What to do - In the entries below, begin at the line with "春节假期全国铁路累计发送旅客1.21亿人次" and stop after the line with "ห้องน้ำของ LUXURY - Elegante"; output those lines exactly and omit the pictures.

Provided information -
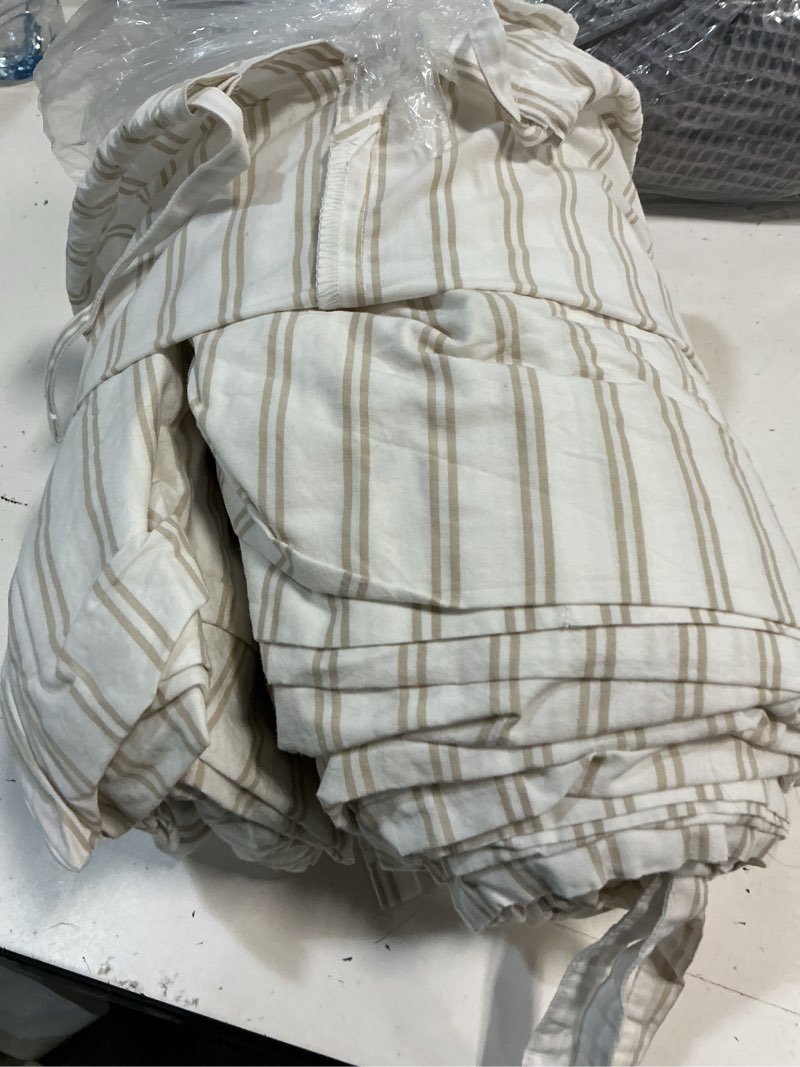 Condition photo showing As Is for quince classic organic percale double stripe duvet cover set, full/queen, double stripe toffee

---

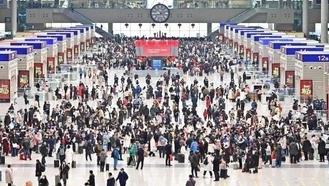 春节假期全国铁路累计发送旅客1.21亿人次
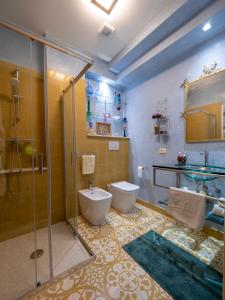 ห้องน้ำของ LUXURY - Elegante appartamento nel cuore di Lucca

Response for this exercise -
 春节假期全国铁路累计发送旅客1.21亿人次
 ห้องน้ำของ LUXURY - Elegante appartamento nel cuore di Lucca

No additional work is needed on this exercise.